**EXERCISE INPUT**
-*-*-
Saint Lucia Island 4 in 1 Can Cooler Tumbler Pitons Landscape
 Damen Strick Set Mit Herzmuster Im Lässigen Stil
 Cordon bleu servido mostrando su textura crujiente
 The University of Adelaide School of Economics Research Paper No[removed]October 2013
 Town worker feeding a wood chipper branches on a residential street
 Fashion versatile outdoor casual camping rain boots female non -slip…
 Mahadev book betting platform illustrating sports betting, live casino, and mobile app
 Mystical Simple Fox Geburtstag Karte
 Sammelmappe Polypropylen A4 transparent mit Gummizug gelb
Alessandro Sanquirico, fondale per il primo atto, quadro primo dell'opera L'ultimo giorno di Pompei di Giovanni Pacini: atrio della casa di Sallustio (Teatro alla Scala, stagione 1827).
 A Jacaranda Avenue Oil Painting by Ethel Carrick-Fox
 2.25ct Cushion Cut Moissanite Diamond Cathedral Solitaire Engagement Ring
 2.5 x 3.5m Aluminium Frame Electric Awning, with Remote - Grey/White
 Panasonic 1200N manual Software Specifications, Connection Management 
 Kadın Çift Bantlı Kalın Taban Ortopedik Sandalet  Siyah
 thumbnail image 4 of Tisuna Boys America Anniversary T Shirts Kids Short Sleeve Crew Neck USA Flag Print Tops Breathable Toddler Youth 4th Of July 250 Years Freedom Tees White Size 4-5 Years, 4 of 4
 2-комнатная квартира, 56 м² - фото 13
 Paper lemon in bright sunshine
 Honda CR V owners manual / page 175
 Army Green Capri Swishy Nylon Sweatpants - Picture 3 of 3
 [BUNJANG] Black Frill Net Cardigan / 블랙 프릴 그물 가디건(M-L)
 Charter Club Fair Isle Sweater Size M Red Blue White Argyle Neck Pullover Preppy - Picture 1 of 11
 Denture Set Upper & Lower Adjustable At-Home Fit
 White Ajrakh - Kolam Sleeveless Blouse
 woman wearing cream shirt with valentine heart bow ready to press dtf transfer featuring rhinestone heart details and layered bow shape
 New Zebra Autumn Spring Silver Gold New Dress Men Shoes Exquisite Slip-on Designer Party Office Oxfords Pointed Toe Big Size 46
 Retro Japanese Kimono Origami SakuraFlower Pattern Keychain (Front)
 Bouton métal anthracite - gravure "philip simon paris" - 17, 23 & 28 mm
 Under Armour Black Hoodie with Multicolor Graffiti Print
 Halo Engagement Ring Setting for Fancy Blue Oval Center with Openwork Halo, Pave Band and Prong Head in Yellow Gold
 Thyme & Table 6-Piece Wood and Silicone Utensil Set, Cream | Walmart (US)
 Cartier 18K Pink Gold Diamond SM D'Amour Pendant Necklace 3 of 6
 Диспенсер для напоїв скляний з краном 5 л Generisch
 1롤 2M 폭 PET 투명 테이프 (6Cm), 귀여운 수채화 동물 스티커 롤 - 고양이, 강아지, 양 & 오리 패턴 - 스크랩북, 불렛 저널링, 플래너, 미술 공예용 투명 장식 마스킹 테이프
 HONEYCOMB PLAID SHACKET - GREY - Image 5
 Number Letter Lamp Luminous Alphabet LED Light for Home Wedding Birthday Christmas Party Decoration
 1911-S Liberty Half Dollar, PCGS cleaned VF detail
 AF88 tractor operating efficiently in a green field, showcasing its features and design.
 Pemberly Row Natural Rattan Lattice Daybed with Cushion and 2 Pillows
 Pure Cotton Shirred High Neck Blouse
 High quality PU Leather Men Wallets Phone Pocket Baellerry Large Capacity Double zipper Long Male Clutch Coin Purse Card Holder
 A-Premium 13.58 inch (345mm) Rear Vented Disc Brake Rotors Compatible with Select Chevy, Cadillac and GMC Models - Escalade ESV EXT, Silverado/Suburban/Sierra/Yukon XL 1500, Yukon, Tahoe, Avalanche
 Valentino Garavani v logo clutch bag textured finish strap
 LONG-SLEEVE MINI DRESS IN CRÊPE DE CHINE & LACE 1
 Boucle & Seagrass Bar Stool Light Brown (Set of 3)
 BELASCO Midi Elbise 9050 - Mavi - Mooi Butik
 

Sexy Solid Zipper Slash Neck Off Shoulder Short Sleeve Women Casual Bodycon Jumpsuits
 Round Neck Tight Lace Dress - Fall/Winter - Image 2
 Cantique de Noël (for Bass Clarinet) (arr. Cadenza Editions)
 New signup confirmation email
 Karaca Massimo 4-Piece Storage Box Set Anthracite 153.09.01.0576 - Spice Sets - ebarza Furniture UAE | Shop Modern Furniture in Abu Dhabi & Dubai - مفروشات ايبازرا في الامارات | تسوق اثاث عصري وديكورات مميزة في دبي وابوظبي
-*-*-
**DIRECTIONS FOR THIS TASK**
From the first line of the data above through the line containing "Town worker feeding", set each line down again exactly; include both ends and omit everything else.

**WRITTEN ANSWER**
Saint Lucia Island 4 in 1 Can Cooler Tumbler Pitons Landscape
 Damen Strick Set Mit Herzmuster Im Lässigen Stil
 Cordon bleu servido mostrando su textura crujiente
 The University of Adelaide School of Economics Research Paper No[removed]October 2013
 Town worker feeding a wood chipper branches on a residential street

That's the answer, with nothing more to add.